Adapt and survive
THE CLAMOUR THAT GREETED the awarding of the Pritzker Prize — architecture’s Nobel — to the French practice Lacaton & Vassal in April this year was near universal throughout the architecture world. A rare thing indeed. Lacaton & Vassal represent that elusive thing in contemporary architecture, a combination of sheer talent and a strong sense of historical mission with the political implications that implies.
It is telling, however, that the practice probably didn’t win the prize for their new-build work, though it is certainly exceptional. The FRAC Nord-Pas de Calais in Dunkirk is a fabulous structure, based on the renovation of an old boat warehouse in the dock area. By building a copy of the first building to the same dimensions, the architects confer an eerie symbolism. Which is the ghost — the original or its simulacrum? The dead industry or the result of cultural regeneration? It is a profoundly poetic structure: part Arthur Koestler, part Rachel Whiteread.

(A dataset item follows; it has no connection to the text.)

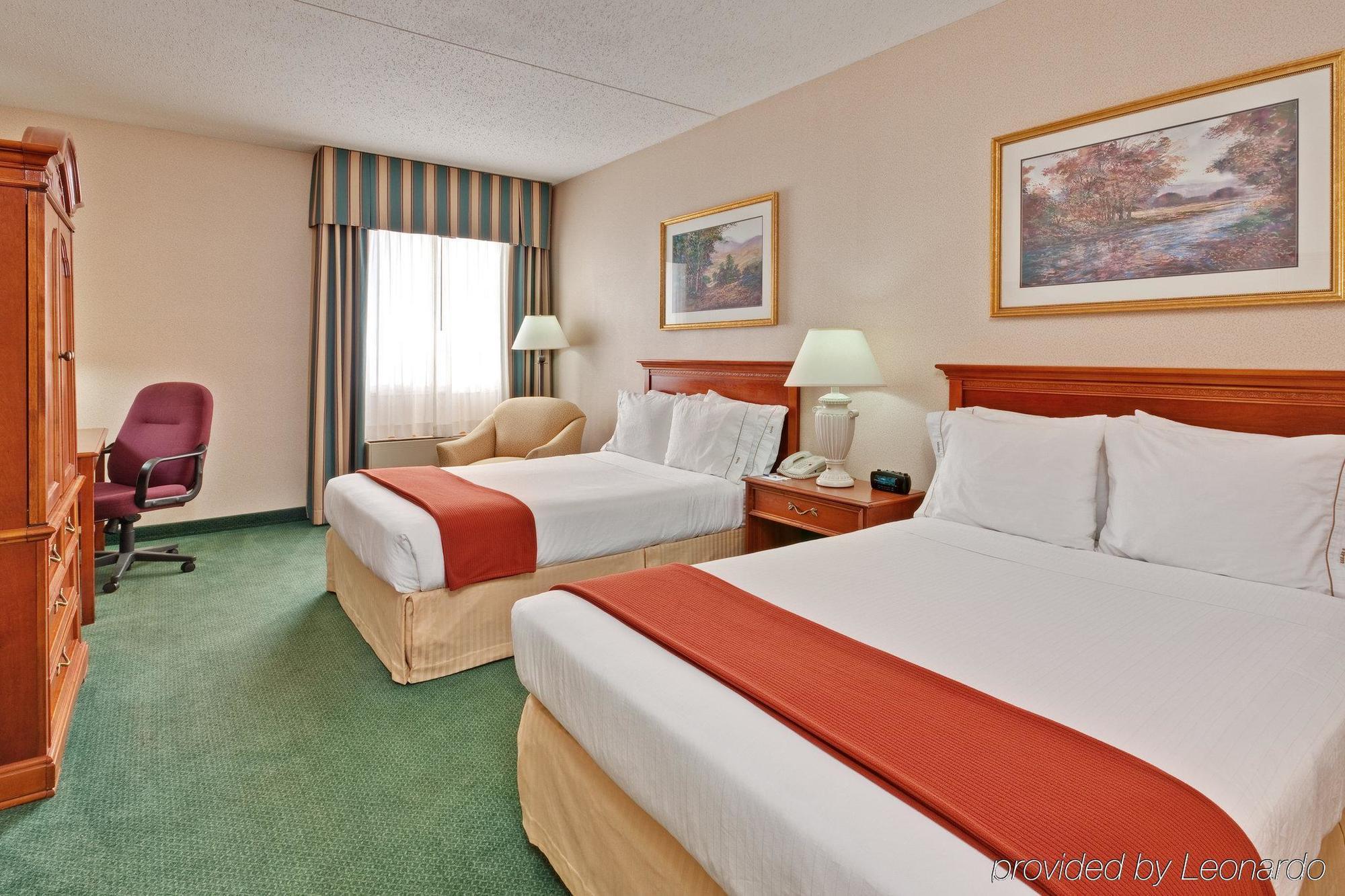 Holiday Inn Express Detroit-Warren/General Motors Technology Center By Ihg Room photo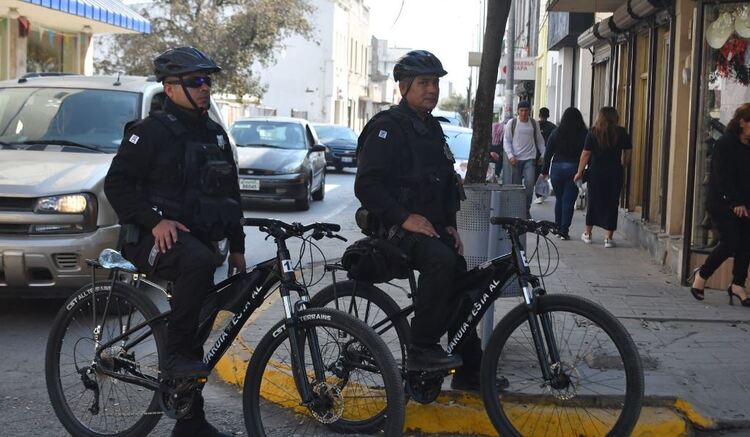 Vigilencia, Acceso, Agrupamiento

But most of the commentary from around the world focused on other projects; the transformation of three blocks of social housing in Bordeaux and another 1960s-built block in Paris. A new social mission for architecture appears to be coalescing around these buildings. “Their work provides a response to the climatic and ecological emergencies of the time, as well as to the social emergency, in particular in the field of housing,” ran the Pritzker jury citation. Lacaton & Vassal have created an “architecture as powerful in its form as in its convictions … as transparent in its aesthetics as in its ethics.”